Comment Re:How about a reverse look-up? (Score 1) 208
Assuming, for openers, that you have your cell phone with you, and that it keeps track of and causes wherever you have been to be stored, somebody besides Al Franken and his liberal colleague should be concerned about the potential for invasions of reasonable and legitimate expectations of privacy 'which 'society' is prepared to recognize," in the troublingly anomalous language of the Supreme Court's Fourth Amendment case law. "Society" does not exist, and certainly has never been nad is not prepared to recognize and protect privacy or other individual rights unless clearly required by the Constitution or other applicable law. The Court, under both "liberal" and "conservative" control, has too often used "useful in fighting [pick one] "the [phony sham and scam that used to be called] the War on Drugs," or "terrorism," etc., ad infinitum, as justifications for invasions of privacy. The same argument could be made for mandatory brain chips or the rack and thumbscrews.
Where you are is rarely a private matter regardless of what you are doing. If you are operating a car on a public street, that is not private and you have no right to expect privacy, or an absence of red light cameras, etc. If you go to a grocery or gun store, Carnegie Hall, or a porno movie house, you have to know there will be Other People and assume that one or more of them will be happy to photograph you with their cell phone and post it, or just tell someone else, including tghe cops, where you were. I'm a retired lawyer and the foolishness of crooks, from the low level idiots to top lawyers and bankers who should know better, never ceased to amaze me. I was robbed in broad daylight in front of several witnesses including a reserve cop and his wife. An experienced lawyer from a big firm drew hundreds of thousands of dollars out of the bank, when he knew or should know that they were required to report that, washed it in a washing machine to remove fingerprints, and gave it to an accomplice who deposited it in his bank, again triggering reporting, and it still took seventeen years before they got caught. One of my genius clients committed a kidnapping with intent to comit rape withn brick-throwingdistance and line of sight from the lighted front door of a police station after having identified himself acrtoss the street. The fun case for me was the client arrested running from the scene of an aggravated robbery and attempted murder because the real criminal threatened and shot at him. Of course the police got the victim to identify my client's picture and coerced him into signing a confession, after the real criminal had confessed, so goess who they prosecuted? We won. I'm fascinated by what this technology would have done to another case where the alleged victim had positively identified the arrested suspect but the jury caught on when he produced his prison record photo showing a tattoo he still had but which the alleged victim had sworn he did not have. I still don't think that robbery ever happened.

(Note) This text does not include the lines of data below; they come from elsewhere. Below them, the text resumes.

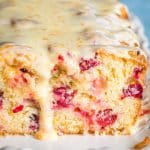 A close up of cranberry orange bread with glaze
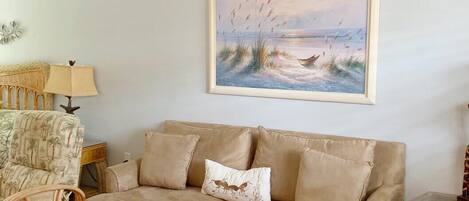 Un salon avec un canapé beige, une table basse en verre et un tableau représentant une scène de plage.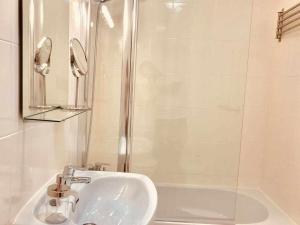 a bathroom with a sink and a shower at Le Family Palms Private Oasis with Terrace & BBQ in Playa Honda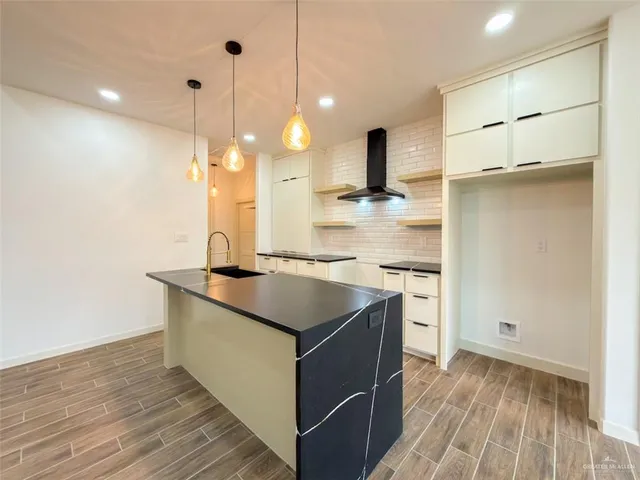 a kitchen with kitchen island granite countertop a sink appliances and cabinets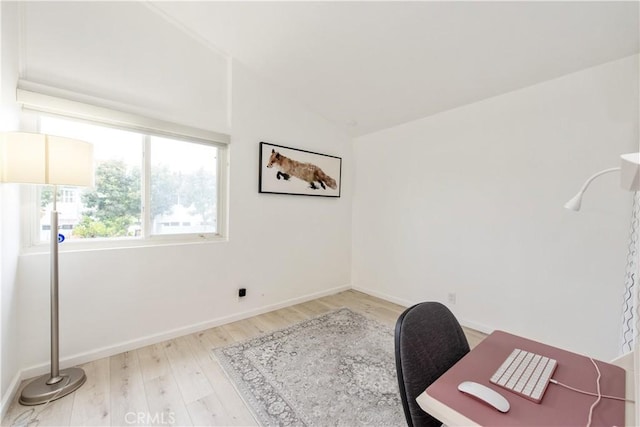 office space featuring light wood-type flooring, vaulted ceiling, and baseboards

After the data has been stored for some time, you might be more likely to find yourself needing an alibi than worried aboiut having to explain why you were at the location of a crime, the police station the address of which the police at the county seat here swore twice was "a high crime area," etc. Of course you might have any number of legitimate reasons for being at a crime scene or other suspicious location.
It probably doesn't cost much to store collected data indefinitely, but it would be my guess that its potential value for any legitimate or illegitimate purpose would diminish rapidly over time.
I'm much more concerned about tracking in cyberspace than the real world. My Web searches and Email are more likely to reveal things that are legally privileged and confidential, or which I am generally more concerned about keeping private.
Normally, nobody cares enough about where you go or what you do to justify the cost of tracking you, but as the cost drops and the process gets easier that primary protection begins to evaporate. My law practice very unexpectedly came to include representing an awful lot of survivors of childhood incest, etc. Do you think either the authorities, or the private crooks, including those who burglarized and burned my law office, do things like that, or seek cell hone data, without already having got the information or some of it clearly illegally?